P.S. You can find my complete worker and workflow here:

38

49

Hi @christian.achenbach,

I can confirm your observation. 200 completed workflow instances per second on a single broker is similar to our performance tests with Zeebe 0.17.0 . You could tune your benchmark a bit (e.g. partition count, CPU threads, job polling, etc.) but you can’t increase the throughput significantly (e.g. of a factor of 10). However, you can build a cluster of brokers to balance the load. This is how Zeebe can scale :slight_smile:

Regarding the const CPU load, this is caused by the job workers. We are aware of the problem and want to work on it in the feature.

Do you have any specific throughput you need to reach?
Can you use a cluster to reach your goals?

Best regards,
Philipp

Regarding the const CPU load, this is caused by the job workers. We are aware of the problem and want to work on it in the feature.

@philipp.ossler is this from grpc polling?

Hi @philipp.ossler,

thanks for your clarification.

Do you have any specific throughput you need to reach?

No, not a very specific right now. I was hoping to reach the 32.000 workflows per second like you did in the Benchmark last year. To be fair: Even with 200 “transitions” per second Zeebe would be ~100x cheaper than AWS Step Functions. But 32.000/s would be very tempting. :drooling_face:

Can you use a cluster to reach your goals?

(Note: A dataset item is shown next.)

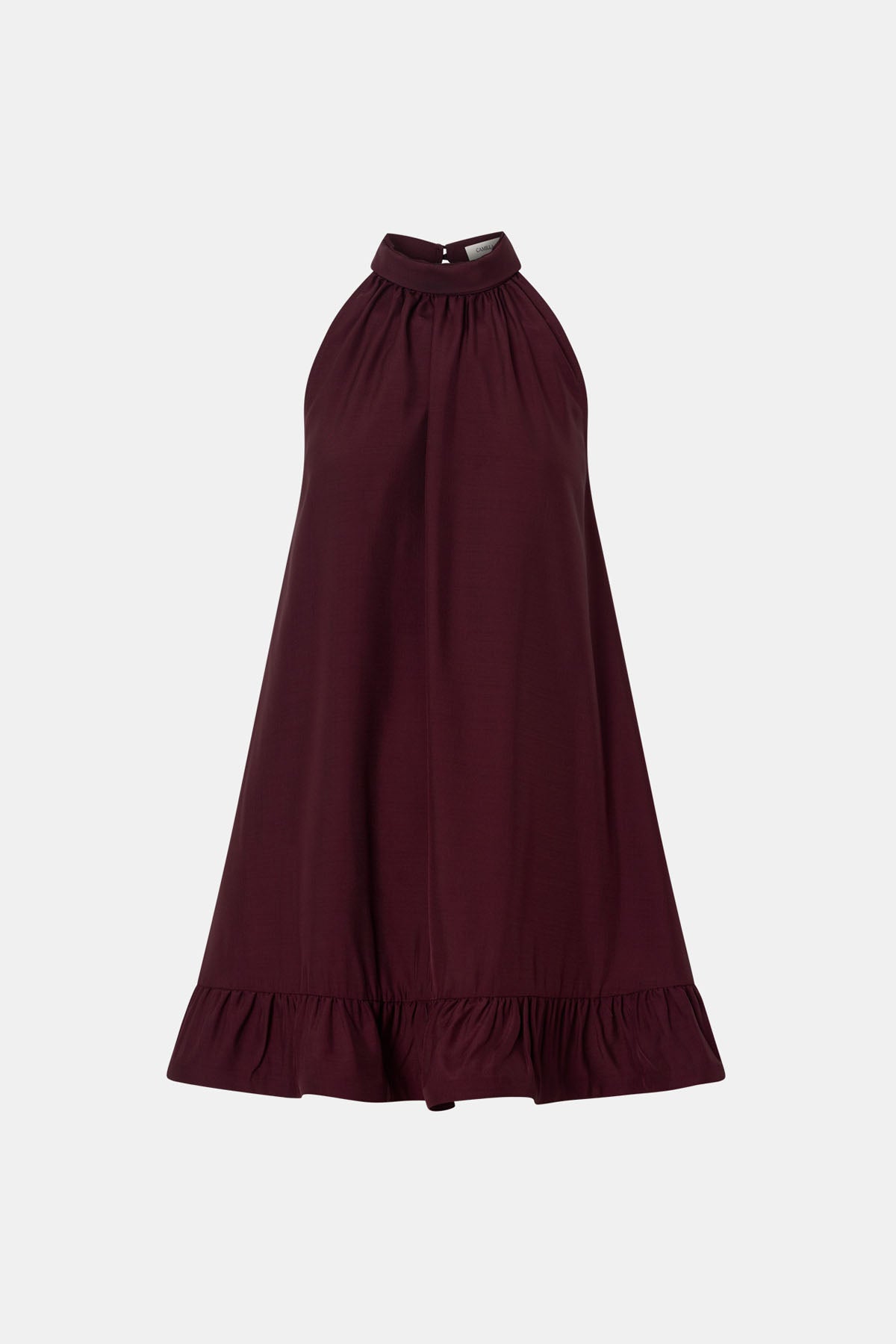 Ghost view CAMILLA AND MARC Elsen Halter Mini Dress in Burgundy with open back, tie‑up neck and fluted crinoline hem.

Do you have any recommendations for a cluster? Many very small instances, like t3.small or a few larger, like t3.xlarge?

Thank you!
Greetings,
Christian

In the benchmark, it measures only the created workflow instance. You can create more instance than completing it. To complete instances, you need to poll jobs, complete jobs and process until the end event. So, it is a lot more to do :sweat_smile:

I don’t have any experience. I would assume that it also works on a smaller machine. However, if you have more power then you can do more :wink:

Yes, the load is related to the (gPRC) job polling. Currently, the worker poll jobs constantly, even if there are no jobs. This could be improved, for example, using long-polling, back off, or job subscriptions.